Here is a summary of LANDs latest asset purchase.
Gladstone Land adds farmland to its portfolio
Jun. 8, 2020 8:50 AM ET|About: Gladstone Land Corporation (LAND)|
Gladstone Land (NASDAQ:LAND) acquires 590 gross acres of farmland consisting of 554 planted acres of mature pecan trees in Kern County, California, for ~$14.2M.
In connection with the acquisition, Gladstone Land also entered into a 15-year, triple-net leaseback agreement with the seller.
“The acquisition of this pecan orchard adds a new permanent crop type to our portfolio and should result in another good, long-term investment for us,” said David Gladstone, President and CEO of Gladstone Land.
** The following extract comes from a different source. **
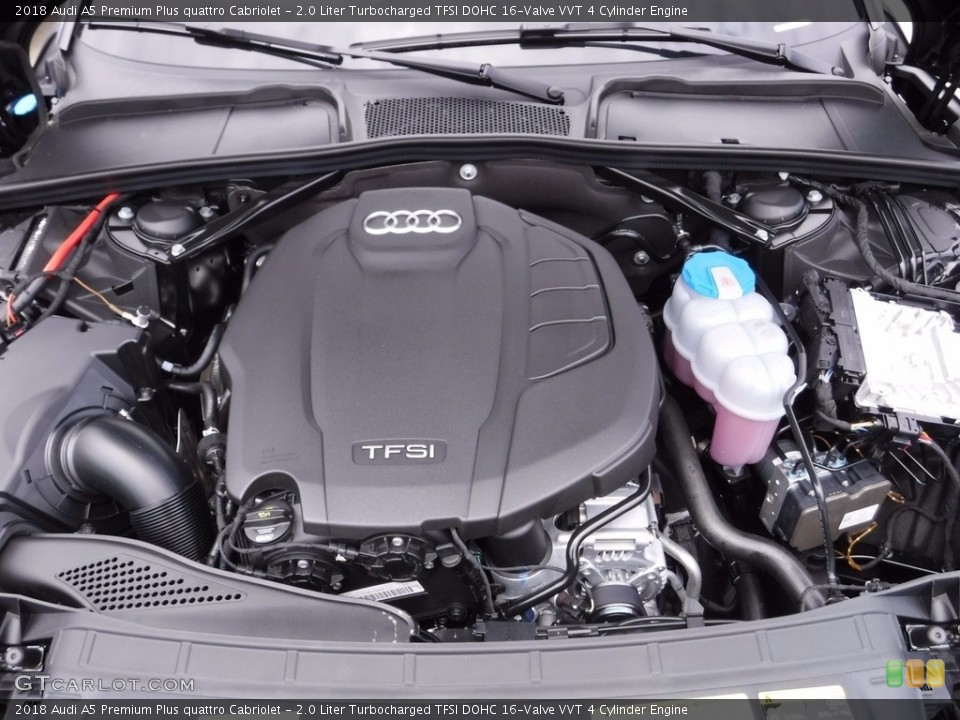 2.0 Liter Turbocharged TFSI DOHC 16-Valve VVT 4 Cylinder Engine for the 2018 Audi A5 #120891179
If I were living in a rural area, I would take my money and purchase farm or ranch land and lease it out. In this case, LAND’s management leased it back to the seller. Over time you will make much more money than if you handed it over to someone, from which they make the most profit. Go to Gladstone’s website; you are paying for that large overhead. They hand back a small fraction of what you could make over time. I am always a fan of direct ownership. The benefits that accrue to the direct owner are what make it the better choice.
If I were looking to park money, I would rather buy XOM and get an 8% yield (though that yield may fall over time if oil prices stay suppressed). The dividend yields of PFE and WBA are over 4%, and T’s is about 7%, so I would rather own these stocks for yield and buy land directly.